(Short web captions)
=====
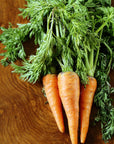 Schoepp Seeds - Carrot, Half Long Heirloom Garden Seed Packets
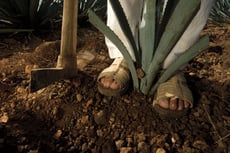 plantando agave sauza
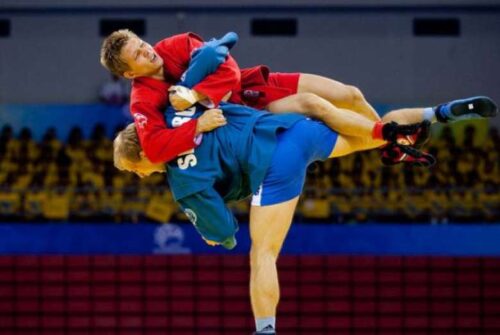 Чемпионат мира по самбо будет проводиться в Армении каждый год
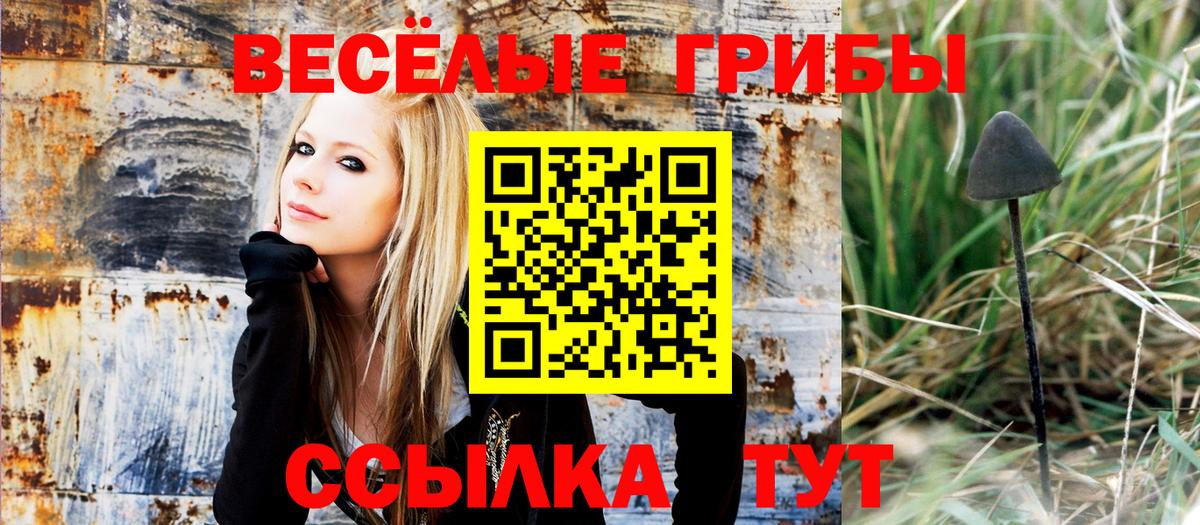 Полевской  Галлюциногенные грибы ЛСД  Вход с VPN  Псилоцибиновые грибы прущие грибы 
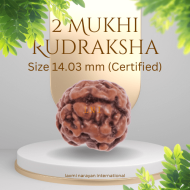 2 Mukhi Rudraksha Size 14.03 mm (With Lab Certificate)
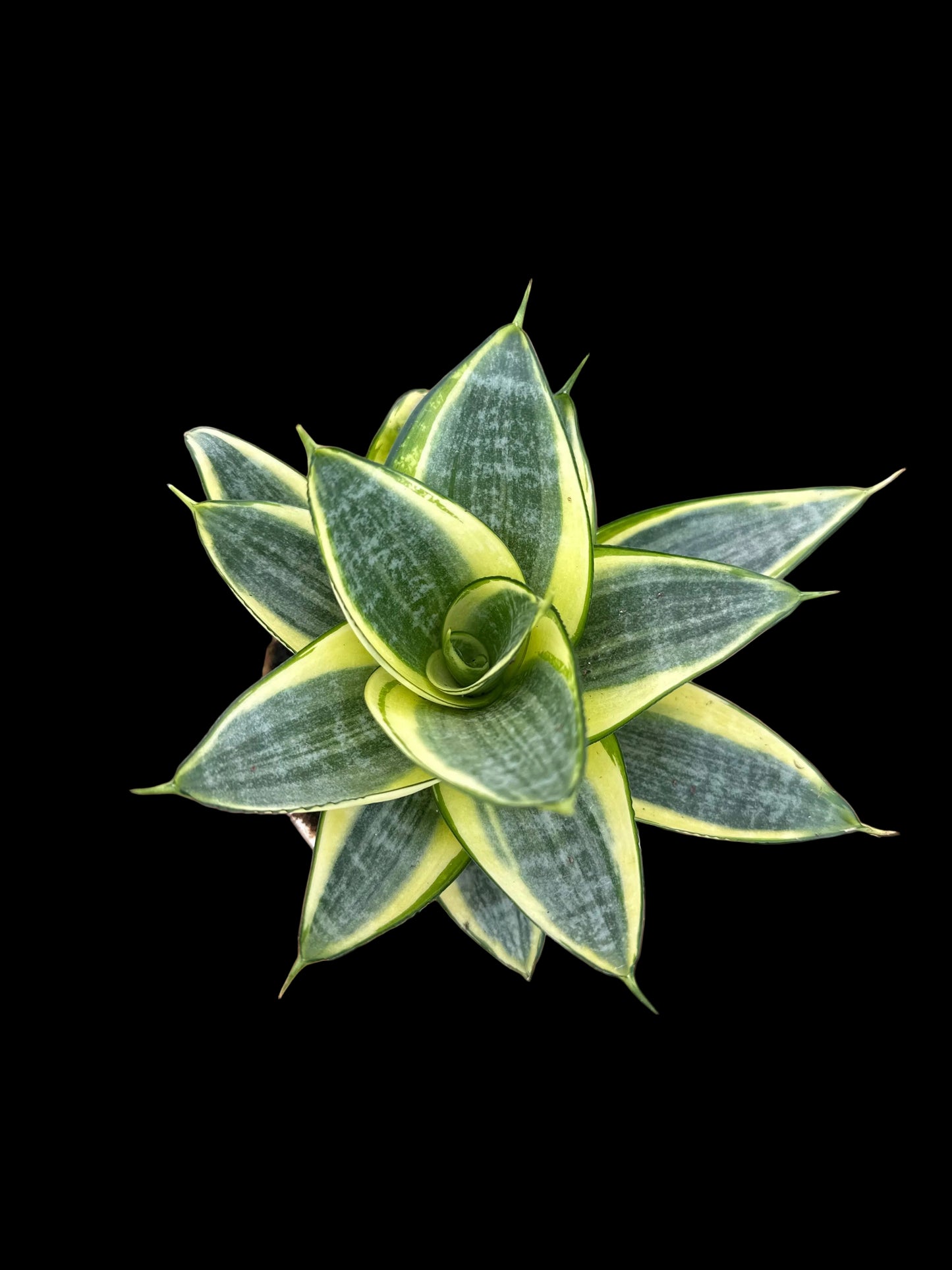 Sansevieria trifasciata 'Golden Hahnii' 4”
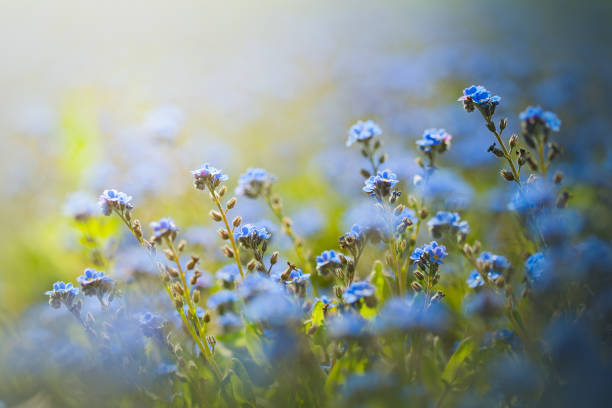 Morning light over blue flowers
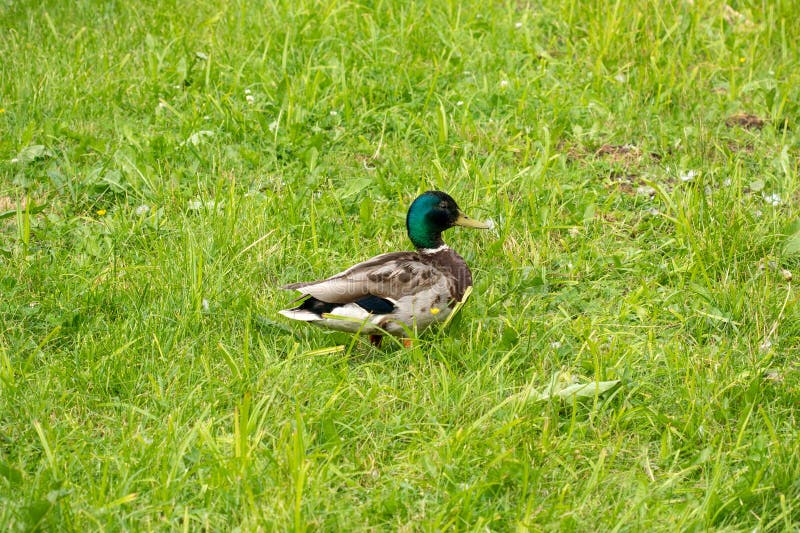 Varón del pato del pato silvestre en un prado fotos de archivo Varón del pato del pato silvestre en un prado fotos de archivo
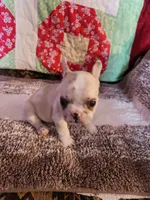 Cinnamon Jo, a female French Bulldog for sale in Keota, OK – 3 of 3
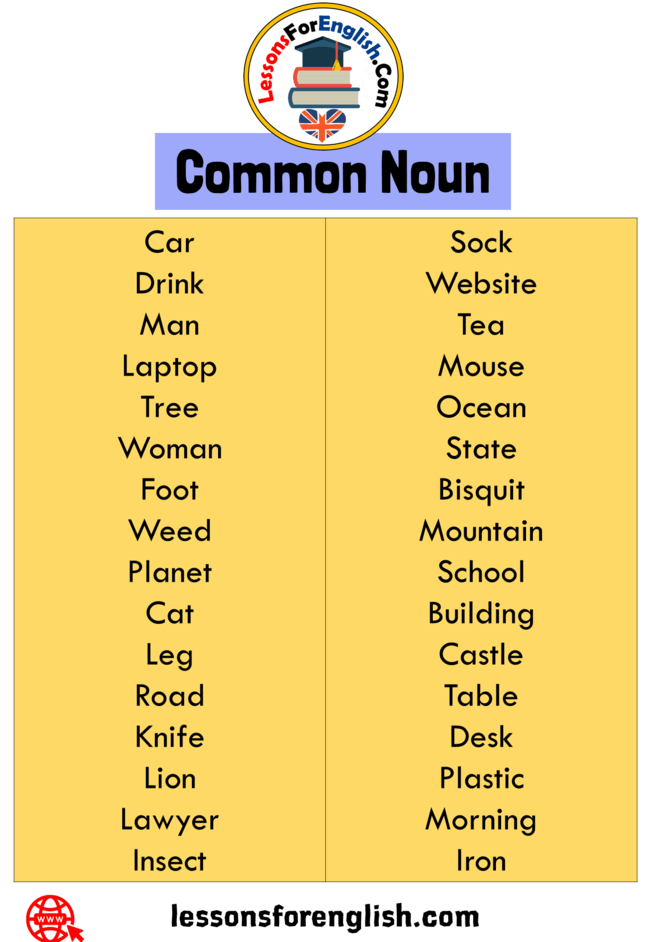 5 Examples Of Common Noun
=====
→ **What the task requires**:
Nothing but the lines from the one containing "de archivo Varón" through the end of the entries should be written out, exactly and without pictures.

→ **Response below**:
 Varón del pato del pato silvestre en un prado fotos de archivo Varón del pato del pato silvestre en un prado fotos de archivo
 Cinnamon Jo, a female French Bulldog for sale in Keota, OK – 3 of 3
 5 Examples Of Common Noun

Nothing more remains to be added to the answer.